__Requirement__
Copy exactly the lines of the material below that fall between the line with "Cropped view of" and the line with "WalkingPad C2 Compact", both of those lines included; pictures stay out.

────────────────────────────────────────

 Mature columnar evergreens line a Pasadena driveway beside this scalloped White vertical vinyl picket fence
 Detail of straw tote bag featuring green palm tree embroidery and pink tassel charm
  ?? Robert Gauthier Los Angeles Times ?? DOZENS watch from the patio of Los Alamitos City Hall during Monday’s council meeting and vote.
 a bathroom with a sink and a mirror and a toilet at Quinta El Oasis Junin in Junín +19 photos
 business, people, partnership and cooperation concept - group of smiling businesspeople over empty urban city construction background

────────────────────────────────────────

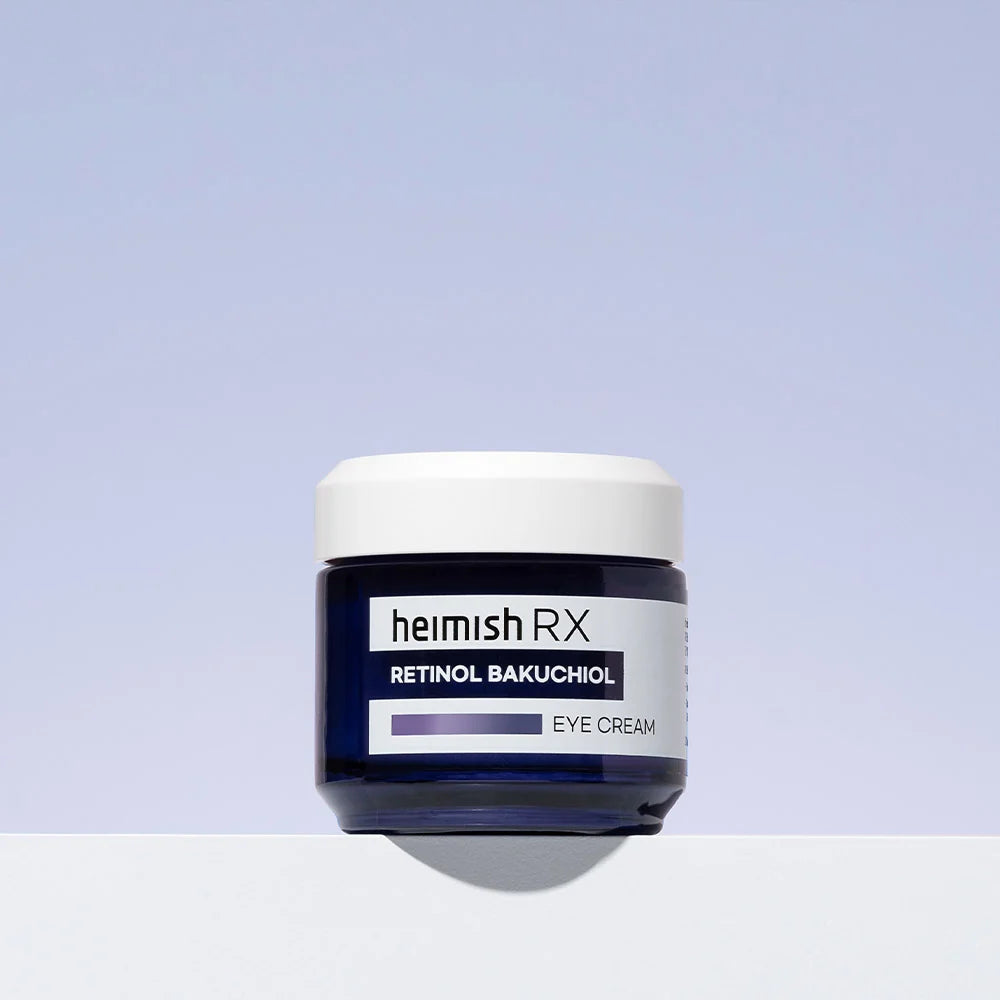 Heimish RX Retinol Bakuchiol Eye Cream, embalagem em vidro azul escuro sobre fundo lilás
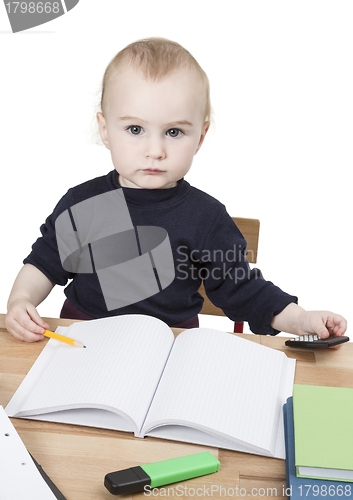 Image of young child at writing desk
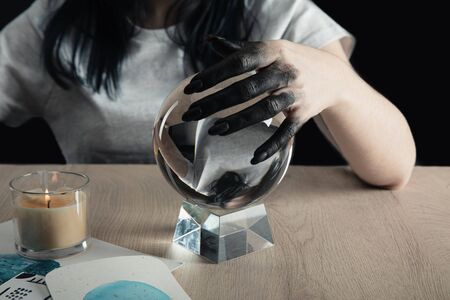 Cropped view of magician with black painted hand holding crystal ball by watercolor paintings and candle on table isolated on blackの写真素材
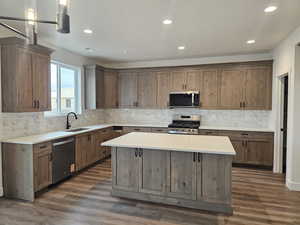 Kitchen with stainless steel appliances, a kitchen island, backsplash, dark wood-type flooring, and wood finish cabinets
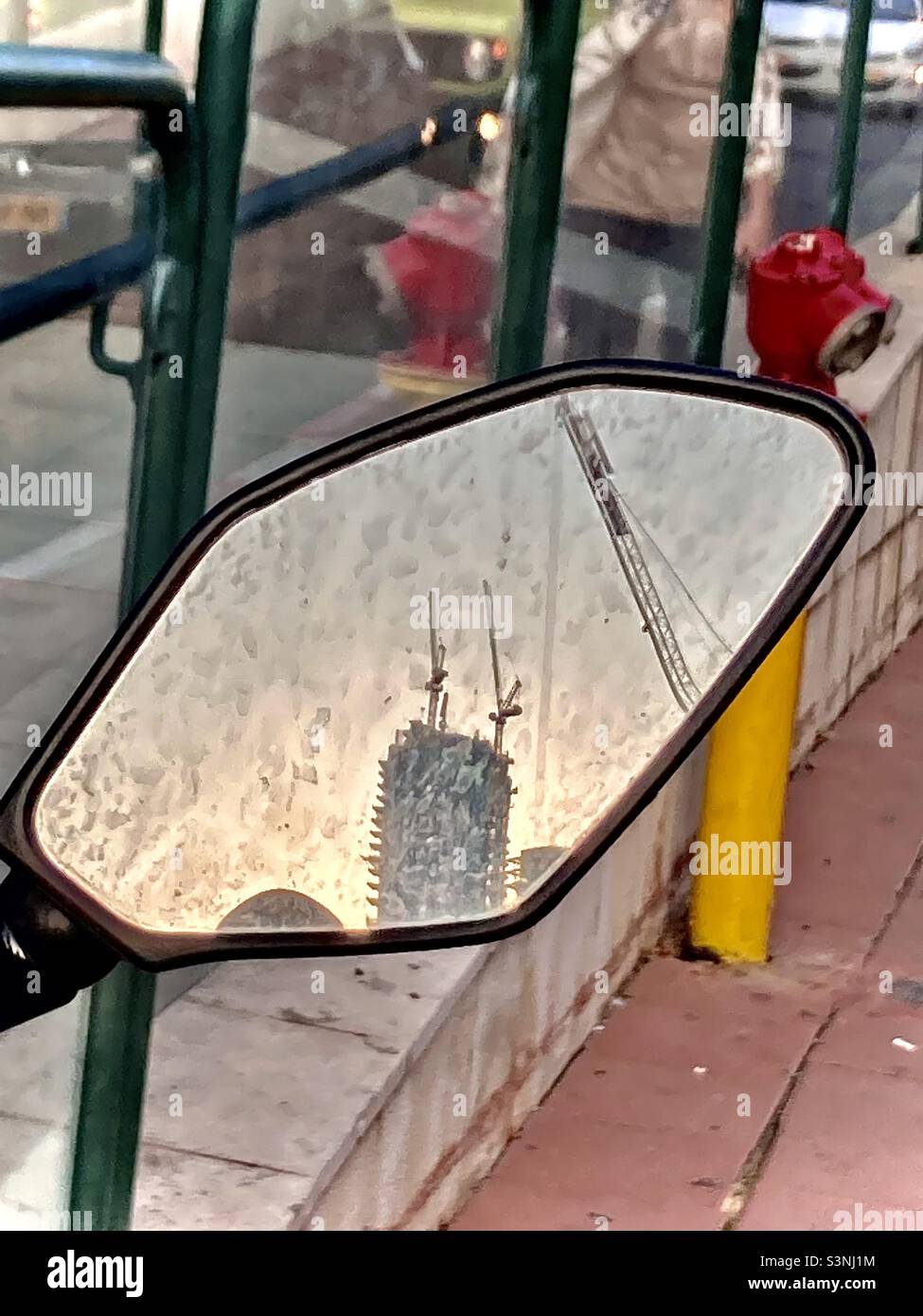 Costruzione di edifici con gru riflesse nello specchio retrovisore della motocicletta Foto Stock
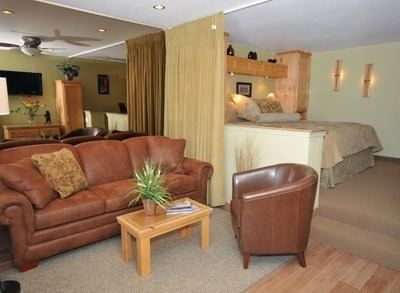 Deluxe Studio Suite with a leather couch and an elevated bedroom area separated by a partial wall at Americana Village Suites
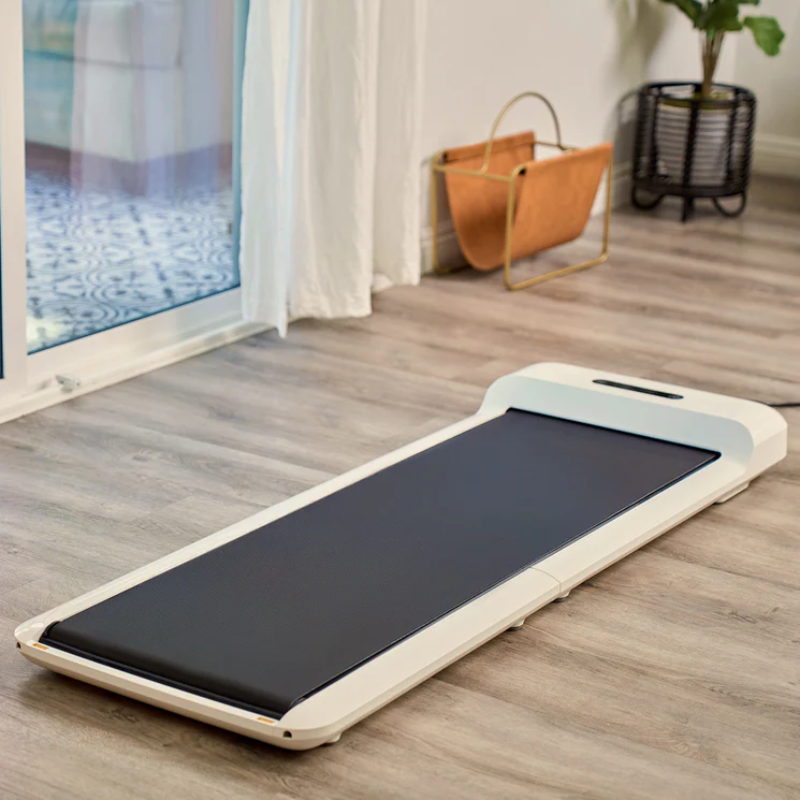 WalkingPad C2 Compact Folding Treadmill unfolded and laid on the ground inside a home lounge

────────────────────────────────────────

__Response to this task__
 Cropped view of magician with black painted hand holding crystal ball by watercolor paintings and candle on table isolated on blackの写真素材
 Kitchen with stainless steel appliances, a kitchen island, backsplash, dark wood-type flooring, and wood finish cabinets
 Costruzione di edifici con gru riflesse nello specchio retrovisore della motocicletta Foto Stock
 Deluxe Studio Suite with a leather couch and an elevated bedroom area separated by a partial wall at Americana Village Suites
 WalkingPad C2 Compact Folding Treadmill unfolded and laid on the ground inside a home lounge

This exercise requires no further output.